Non esiste ma ci credo
Dec 14, 2022di Emanuele Gavi
Egregio Direttore,
ha mai pensato a quanti sono i concetti che tutti ripetiamo a pappagallo, ma se andiamo a vedere fanno riferimento a qualcosa che non esiste e non è mai esistito? Dalla parità di genere alla “omo-sessualità”, dalla scienza intesa come sapienza oracolare a certi presunti “diritti”… Sono invenzioni, mistificazioni, ma proprio perché ce ne parlano in continuazione siamo portati a credere che siano delle realtà di questo mondo. Tutto il contrario: una lunga sfilza di idee che la nostra mente dà per buone non sono più reali degli asini che volano.
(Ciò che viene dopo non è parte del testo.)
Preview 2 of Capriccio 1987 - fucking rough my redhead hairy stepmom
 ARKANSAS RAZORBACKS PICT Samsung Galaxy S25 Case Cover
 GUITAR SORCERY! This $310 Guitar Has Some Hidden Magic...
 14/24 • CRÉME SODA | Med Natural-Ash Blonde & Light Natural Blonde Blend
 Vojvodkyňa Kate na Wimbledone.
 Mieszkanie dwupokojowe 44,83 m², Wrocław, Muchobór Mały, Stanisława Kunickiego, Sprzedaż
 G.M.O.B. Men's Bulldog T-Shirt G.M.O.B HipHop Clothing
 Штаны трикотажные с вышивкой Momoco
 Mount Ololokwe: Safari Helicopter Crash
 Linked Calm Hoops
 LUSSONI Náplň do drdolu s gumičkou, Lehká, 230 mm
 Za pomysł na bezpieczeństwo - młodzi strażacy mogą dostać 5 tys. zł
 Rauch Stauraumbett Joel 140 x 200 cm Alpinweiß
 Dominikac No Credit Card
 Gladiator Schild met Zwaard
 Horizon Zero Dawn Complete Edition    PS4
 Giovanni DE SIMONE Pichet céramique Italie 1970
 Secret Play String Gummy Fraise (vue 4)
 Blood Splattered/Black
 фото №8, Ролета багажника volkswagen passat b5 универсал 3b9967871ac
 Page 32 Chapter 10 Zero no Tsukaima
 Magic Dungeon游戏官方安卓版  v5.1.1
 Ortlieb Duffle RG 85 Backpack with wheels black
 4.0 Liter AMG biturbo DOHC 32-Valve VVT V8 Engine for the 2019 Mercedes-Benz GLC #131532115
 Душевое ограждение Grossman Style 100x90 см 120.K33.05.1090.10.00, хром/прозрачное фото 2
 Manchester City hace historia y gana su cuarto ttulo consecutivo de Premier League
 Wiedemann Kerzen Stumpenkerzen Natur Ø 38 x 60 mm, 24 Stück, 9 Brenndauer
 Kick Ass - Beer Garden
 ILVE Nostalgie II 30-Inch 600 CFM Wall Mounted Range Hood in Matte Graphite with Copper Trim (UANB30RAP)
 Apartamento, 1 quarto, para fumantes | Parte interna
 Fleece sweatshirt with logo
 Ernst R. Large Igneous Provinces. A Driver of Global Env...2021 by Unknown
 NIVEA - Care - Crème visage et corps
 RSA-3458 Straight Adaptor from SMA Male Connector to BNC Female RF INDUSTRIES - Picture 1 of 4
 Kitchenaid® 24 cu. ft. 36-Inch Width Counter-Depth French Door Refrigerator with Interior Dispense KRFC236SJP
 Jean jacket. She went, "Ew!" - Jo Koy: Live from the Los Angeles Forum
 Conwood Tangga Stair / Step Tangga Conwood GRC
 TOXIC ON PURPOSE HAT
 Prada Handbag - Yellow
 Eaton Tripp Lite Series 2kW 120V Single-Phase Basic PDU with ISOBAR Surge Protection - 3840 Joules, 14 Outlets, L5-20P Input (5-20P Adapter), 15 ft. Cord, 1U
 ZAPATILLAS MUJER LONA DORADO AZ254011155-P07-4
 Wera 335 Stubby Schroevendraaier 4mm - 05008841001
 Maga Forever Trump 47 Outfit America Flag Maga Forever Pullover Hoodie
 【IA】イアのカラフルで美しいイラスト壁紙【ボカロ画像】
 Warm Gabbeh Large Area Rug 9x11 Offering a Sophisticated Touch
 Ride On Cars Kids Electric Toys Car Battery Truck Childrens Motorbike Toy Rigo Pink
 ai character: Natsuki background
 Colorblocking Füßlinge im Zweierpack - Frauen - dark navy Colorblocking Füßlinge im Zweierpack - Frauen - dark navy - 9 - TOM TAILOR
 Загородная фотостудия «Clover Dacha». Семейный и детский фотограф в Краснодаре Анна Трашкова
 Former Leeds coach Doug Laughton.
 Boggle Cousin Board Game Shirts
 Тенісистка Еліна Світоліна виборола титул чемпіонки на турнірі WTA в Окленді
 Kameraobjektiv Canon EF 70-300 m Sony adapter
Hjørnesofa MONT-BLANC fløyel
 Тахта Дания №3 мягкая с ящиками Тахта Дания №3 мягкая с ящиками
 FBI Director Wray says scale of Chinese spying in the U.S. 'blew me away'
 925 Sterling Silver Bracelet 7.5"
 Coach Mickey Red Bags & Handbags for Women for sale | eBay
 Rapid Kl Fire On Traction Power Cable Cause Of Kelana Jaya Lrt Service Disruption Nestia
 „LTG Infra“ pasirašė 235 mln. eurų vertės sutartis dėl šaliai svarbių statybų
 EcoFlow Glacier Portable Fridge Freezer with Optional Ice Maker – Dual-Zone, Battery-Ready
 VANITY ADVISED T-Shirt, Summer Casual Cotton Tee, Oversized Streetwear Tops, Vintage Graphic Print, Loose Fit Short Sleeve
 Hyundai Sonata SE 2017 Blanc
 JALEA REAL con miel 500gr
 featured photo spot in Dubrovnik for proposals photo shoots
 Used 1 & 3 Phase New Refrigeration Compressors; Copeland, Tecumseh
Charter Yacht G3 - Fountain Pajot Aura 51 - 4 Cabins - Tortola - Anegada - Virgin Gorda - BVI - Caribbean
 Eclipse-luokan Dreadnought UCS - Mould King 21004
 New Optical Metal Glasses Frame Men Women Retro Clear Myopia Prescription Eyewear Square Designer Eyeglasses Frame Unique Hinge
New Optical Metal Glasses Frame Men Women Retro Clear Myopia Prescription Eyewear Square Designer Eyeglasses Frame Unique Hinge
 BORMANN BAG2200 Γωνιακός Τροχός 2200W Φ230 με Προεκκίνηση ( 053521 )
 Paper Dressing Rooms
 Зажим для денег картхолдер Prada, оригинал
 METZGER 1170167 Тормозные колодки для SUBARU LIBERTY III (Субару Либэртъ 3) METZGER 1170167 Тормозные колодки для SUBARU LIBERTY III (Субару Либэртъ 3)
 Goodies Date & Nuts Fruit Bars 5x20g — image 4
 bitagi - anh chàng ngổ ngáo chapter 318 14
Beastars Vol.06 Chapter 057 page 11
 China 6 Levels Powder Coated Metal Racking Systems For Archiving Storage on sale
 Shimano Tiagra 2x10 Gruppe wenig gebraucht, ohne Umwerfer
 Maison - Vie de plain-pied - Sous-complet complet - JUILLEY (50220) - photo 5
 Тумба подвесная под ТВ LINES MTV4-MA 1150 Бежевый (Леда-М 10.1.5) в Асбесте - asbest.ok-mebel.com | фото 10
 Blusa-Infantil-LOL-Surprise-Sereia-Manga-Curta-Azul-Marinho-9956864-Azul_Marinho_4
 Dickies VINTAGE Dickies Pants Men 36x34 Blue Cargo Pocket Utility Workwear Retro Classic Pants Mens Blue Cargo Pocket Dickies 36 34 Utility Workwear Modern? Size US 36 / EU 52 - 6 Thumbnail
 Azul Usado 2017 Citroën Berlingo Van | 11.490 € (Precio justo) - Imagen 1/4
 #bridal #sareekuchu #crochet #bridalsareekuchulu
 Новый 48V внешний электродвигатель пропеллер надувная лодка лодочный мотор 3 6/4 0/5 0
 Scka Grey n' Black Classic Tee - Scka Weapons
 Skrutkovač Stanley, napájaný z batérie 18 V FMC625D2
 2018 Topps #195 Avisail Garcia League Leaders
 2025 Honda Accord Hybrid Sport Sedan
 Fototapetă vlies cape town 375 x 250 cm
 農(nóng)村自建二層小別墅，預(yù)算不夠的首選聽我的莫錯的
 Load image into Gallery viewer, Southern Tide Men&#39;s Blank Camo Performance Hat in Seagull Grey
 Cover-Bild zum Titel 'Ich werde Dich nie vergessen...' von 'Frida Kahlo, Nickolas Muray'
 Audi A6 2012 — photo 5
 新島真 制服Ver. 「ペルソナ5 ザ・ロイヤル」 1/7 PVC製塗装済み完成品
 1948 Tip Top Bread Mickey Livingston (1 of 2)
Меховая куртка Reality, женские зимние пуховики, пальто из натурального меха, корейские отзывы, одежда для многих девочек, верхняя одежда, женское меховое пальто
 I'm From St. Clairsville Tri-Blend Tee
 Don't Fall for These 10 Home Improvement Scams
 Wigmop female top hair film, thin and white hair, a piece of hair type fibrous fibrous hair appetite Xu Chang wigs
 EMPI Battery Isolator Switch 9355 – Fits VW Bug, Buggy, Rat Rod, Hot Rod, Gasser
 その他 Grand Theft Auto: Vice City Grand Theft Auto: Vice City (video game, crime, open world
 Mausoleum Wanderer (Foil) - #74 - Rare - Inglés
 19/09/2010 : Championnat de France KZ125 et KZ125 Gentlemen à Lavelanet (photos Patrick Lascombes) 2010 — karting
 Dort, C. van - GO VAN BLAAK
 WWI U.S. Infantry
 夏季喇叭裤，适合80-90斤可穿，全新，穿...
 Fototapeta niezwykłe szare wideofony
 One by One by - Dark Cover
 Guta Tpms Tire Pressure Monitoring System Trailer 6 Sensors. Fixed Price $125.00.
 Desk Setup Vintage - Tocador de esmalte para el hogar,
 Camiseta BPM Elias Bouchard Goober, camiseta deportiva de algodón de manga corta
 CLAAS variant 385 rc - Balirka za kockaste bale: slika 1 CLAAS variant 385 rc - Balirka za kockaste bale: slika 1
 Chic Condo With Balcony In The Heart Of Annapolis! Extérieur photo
“Eh no!”, La sento già esclamare. “Ho già capito dove vai a parare. Tu vuoi tornare al Medioevo!” Ecco, Direttore, allora partiamo di qui: il Medioevo non è mai esistito. Nessuno, nel 476 d.C., sapeva che quell’anno avrebbe segnato la fine dell’impero romano d’Occidente e l’inizio di una fantomatica Età di Mezzo. Secoli dopo, per esempio, Dante era convinto che l’impero nato con Giulio Cesare fosse ancora vivo e vegeto all’epoca sua: non vedeva discontinuità tra l’impero dell’antica Roma e il Sacro Romano Impero fondato da Carlo Magno. Dante, per noi uomo del Medioevo, non sapeva di esserlo. Non sapeva di vivere nel Medioevo semplicemente perché il Medioevo non esiste se non nella nostra testa: è un’etichetta che usiamo noi, per orientarci sulla linea del tempo, per collocare i fatti storici nel flusso ininterrotto della realtà che ci ha preceduto. Una convenzione, utile forse per dividere, classificare, distinguere i tempi più remoti da un’epoca più vicina a noi, nella quale identifichiamo le radici più prossime del nostro presente: l’età moderna. Chissà, tra mille anni potrebbe essere definito come “Età di Mezzo” il periodo in cui ci troviamo a vivere oggi.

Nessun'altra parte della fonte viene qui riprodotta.